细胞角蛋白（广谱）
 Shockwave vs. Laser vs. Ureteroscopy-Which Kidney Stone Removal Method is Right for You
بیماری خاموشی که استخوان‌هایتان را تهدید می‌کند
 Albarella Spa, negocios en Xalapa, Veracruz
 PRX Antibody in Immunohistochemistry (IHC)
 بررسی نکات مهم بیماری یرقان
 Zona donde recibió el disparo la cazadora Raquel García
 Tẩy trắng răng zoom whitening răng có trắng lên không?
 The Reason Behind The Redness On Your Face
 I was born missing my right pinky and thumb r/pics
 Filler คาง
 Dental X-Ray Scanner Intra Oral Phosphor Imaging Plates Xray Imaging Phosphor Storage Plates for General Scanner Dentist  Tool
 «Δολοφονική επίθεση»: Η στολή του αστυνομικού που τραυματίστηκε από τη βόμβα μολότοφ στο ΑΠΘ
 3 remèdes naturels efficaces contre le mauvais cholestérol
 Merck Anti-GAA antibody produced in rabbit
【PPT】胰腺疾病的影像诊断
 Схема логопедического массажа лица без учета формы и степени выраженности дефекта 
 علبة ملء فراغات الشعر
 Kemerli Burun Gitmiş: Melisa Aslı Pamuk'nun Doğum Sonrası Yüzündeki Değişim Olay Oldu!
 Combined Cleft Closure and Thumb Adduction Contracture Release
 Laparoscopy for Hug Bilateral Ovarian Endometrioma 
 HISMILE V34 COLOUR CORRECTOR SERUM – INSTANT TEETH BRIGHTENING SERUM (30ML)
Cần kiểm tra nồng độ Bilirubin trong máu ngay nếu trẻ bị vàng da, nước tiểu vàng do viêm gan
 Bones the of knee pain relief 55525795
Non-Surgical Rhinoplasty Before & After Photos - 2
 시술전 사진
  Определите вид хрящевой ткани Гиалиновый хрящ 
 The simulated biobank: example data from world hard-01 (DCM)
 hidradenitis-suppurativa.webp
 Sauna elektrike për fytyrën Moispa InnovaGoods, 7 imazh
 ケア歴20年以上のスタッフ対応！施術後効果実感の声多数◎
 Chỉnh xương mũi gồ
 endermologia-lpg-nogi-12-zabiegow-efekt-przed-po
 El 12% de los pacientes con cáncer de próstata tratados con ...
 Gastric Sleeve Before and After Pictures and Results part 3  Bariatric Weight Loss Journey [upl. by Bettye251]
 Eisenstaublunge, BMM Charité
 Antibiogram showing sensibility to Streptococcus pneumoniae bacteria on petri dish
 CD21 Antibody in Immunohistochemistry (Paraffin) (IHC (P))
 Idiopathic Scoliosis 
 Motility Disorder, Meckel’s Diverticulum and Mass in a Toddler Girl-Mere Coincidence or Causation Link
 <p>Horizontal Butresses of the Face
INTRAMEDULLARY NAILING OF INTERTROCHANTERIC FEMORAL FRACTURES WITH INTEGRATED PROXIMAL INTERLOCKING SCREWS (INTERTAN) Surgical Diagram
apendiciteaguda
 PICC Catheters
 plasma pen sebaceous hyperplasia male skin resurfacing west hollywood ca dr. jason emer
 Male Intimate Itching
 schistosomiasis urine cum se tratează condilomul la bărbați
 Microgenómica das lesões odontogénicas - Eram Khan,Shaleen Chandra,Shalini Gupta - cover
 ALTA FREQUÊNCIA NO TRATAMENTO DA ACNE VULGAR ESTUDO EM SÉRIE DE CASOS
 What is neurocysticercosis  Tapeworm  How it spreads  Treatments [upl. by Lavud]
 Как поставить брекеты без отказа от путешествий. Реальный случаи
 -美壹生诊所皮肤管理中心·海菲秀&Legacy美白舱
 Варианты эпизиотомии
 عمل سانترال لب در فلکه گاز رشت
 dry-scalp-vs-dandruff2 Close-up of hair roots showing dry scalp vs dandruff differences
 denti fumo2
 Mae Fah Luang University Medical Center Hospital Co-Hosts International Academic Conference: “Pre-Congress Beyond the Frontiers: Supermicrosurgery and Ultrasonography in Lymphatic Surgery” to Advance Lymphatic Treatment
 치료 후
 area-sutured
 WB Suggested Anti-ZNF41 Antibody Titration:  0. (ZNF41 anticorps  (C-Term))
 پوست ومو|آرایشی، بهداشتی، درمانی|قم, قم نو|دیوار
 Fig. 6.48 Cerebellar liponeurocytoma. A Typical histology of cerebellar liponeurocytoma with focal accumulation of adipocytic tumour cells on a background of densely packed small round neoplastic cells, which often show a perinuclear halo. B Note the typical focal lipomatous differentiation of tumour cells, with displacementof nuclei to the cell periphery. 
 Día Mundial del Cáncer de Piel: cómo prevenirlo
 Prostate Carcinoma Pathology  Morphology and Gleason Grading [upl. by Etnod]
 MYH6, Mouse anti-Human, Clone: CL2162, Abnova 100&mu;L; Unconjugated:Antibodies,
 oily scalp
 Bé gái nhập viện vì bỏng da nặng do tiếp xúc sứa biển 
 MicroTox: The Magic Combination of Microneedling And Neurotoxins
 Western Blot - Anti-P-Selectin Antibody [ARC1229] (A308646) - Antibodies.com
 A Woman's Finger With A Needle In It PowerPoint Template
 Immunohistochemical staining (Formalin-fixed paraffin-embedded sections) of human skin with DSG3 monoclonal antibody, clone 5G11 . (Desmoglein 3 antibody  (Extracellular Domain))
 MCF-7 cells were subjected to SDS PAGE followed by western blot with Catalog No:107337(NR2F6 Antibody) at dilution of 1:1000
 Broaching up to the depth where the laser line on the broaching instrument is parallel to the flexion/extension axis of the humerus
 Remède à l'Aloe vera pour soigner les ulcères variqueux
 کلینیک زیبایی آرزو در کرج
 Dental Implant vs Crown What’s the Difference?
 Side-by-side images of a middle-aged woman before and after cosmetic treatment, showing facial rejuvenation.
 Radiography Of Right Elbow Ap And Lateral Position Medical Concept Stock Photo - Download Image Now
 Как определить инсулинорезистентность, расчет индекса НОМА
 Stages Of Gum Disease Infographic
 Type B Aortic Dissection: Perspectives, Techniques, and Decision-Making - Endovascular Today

- Requirement
Write the entries out once more, exactly as given.

- Reply to the task
细胞角蛋白（广谱）
 Shockwave vs. Laser vs. Ureteroscopy-Which Kidney Stone Removal Method is Right for You
بیماری خاموشی که استخوان‌هایتان را تهدید می‌کند
 Albarella Spa, negocios en Xalapa, Veracruz
 PRX Antibody in Immunohistochemistry (IHC)
 بررسی نکات مهم بیماری یرقان
 Zona donde recibió el disparo la cazadora Raquel García
 Tẩy trắng răng zoom whitening răng có trắng lên không?
 The Reason Behind The Redness On Your Face
 I was born missing my right pinky and thumb r/pics
 Filler คาง
 Dental X-Ray Scanner Intra Oral Phosphor Imaging Plates Xray Imaging Phosphor Storage Plates for General Scanner Dentist  Tool
 «Δολοφονική επίθεση»: Η στολή του αστυνομικού που τραυματίστηκε από τη βόμβα μολότοφ στο ΑΠΘ
 3 remèdes naturels efficaces contre le mauvais cholestérol
 Merck Anti-GAA antibody produced in rabbit
【PPT】胰腺疾病的影像诊断
 Схема логопедического массажа лица без учета формы и степени выраженности дефекта 
 علبة ملء فراغات الشعر
 Kemerli Burun Gitmiş: Melisa Aslı Pamuk'nun Doğum Sonrası Yüzündeki Değişim Olay Oldu!
 Combined Cleft Closure and Thumb Adduction Contracture Release
 Laparoscopy for Hug Bilateral Ovarian Endometrioma 
 HISMILE V34 COLOUR CORRECTOR SERUM – INSTANT TEETH BRIGHTENING SERUM (30ML)
Cần kiểm tra nồng độ Bilirubin trong máu ngay nếu trẻ bị vàng da, nước tiểu vàng do viêm gan
 Bones the of knee pain relief 55525795
Non-Surgical Rhinoplasty Before & After Photos - 2
 시술전 사진
  Определите вид хрящевой ткани Гиалиновый хрящ 
 The simulated biobank: example data from world hard-01 (DCM)
 hidradenitis-suppurativa.webp
 Sauna elektrike për fytyrën Moispa InnovaGoods, 7 imazh
 ケア歴20年以上のスタッフ対応！施術後効果実感の声多数◎
 Chỉnh xương mũi gồ
 endermologia-lpg-nogi-12-zabiegow-efekt-przed-po
 El 12% de los pacientes con cáncer de próstata tratados con ...
 Gastric Sleeve Before and After Pictures and Results part 3  Bariatric Weight Loss Journey [upl. by Bettye251]
 Eisenstaublunge, BMM Charité
 Antibiogram showing sensibility to Streptococcus pneumoniae bacteria on petri dish
 CD21 Antibody in Immunohistochemistry (Paraffin) (IHC (P))
 Idiopathic Scoliosis 
 Motility Disorder, Meckel’s Diverticulum and Mass in a Toddler Girl-Mere Coincidence or Causation Link
 <p>Horizontal Butresses of the Face
INTRAMEDULLARY NAILING OF INTERTROCHANTERIC FEMORAL FRACTURES WITH INTEGRATED PROXIMAL INTERLOCKING SCREWS (INTERTAN) Surgical Diagram
apendiciteaguda
 PICC Catheters
 plasma pen sebaceous hyperplasia male skin resurfacing west hollywood ca dr. jason emer
 Male Intimate Itching
 schistosomiasis urine cum se tratează condilomul la bărbați
 Microgenómica das lesões odontogénicas - Eram Khan,Shaleen Chandra,Shalini Gupta - cover
 ALTA FREQUÊNCIA NO TRATAMENTO DA ACNE VULGAR ESTUDO EM SÉRIE DE CASOS
 What is neurocysticercosis  Tapeworm  How it spreads  Treatments [upl. by Lavud]
 Как поставить брекеты без отказа от путешествий. Реальный случаи
 -美壹生诊所皮肤管理中心·海菲秀&Legacy美白舱
 Варианты эпизиотомии
 عمل سانترال لب در فلکه گاز رشت
 dry-scalp-vs-dandruff2 Close-up of hair roots showing dry scalp vs dandruff differences
 denti fumo2
 Mae Fah Luang University Medical Center Hospital Co-Hosts International Academic Conference: “Pre-Congress Beyond the Frontiers: Supermicrosurgery and Ultrasonography in Lymphatic Surgery” to Advance Lymphatic Treatment
 치료 후
 area-sutured
 WB Suggested Anti-ZNF41 Antibody Titration:  0. (ZNF41 anticorps  (C-Term))
 پوست ومو|آرایشی، بهداشتی، درمانی|قم, قم نو|دیوار
 Fig. 6.48 Cerebellar liponeurocytoma. A Typical histology of cerebellar liponeurocytoma with focal accumulation of adipocytic tumour cells on a background of densely packed small round neoplastic cells, which often show a perinuclear halo. B Note the typical focal lipomatous differentiation of tumour cells, with displacementof nuclei to the cell periphery. 
 Día Mundial del Cáncer de Piel: cómo prevenirlo
 Prostate Carcinoma Pathology  Morphology and Gleason Grading [upl. by Etnod]
 MYH6, Mouse anti-Human, Clone: CL2162, Abnova 100&mu;L; Unconjugated:Antibodies,
 oily scalp
 Bé gái nhập viện vì bỏng da nặng do tiếp xúc sứa biển 
 MicroTox: The Magic Combination of Microneedling And Neurotoxins
 Western Blot - Anti-P-Selectin Antibody [ARC1229] (A308646) - Antibodies.com
 A Woman's Finger With A Needle In It PowerPoint Template
 Immunohistochemical staining (Formalin-fixed paraffin-embedded sections) of human skin with DSG3 monoclonal antibody, clone 5G11 . (Desmoglein 3 antibody  (Extracellular Domain))
 MCF-7 cells were subjected to SDS PAGE followed by western blot with Catalog No:107337(NR2F6 Antibody) at dilution of 1:1000
 Broaching up to the depth where the laser line on the broaching instrument is parallel to the flexion/extension axis of the humerus
 Remède à l'Aloe vera pour soigner les ulcères variqueux
 کلینیک زیبایی آرزو در کرج
 Dental Implant vs Crown What’s the Difference?
 Side-by-side images of a middle-aged woman before and after cosmetic treatment, showing facial rejuvenation.
 Radiography Of Right Elbow Ap And Lateral Position Medical Concept Stock Photo - Download Image Now
 Как определить инсулинорезистентность, расчет индекса НОМА
 Stages Of Gum Disease Infographic
 Type B Aortic Dissection: Perspectives, Techniques, and Decision-Making - Endovascular Today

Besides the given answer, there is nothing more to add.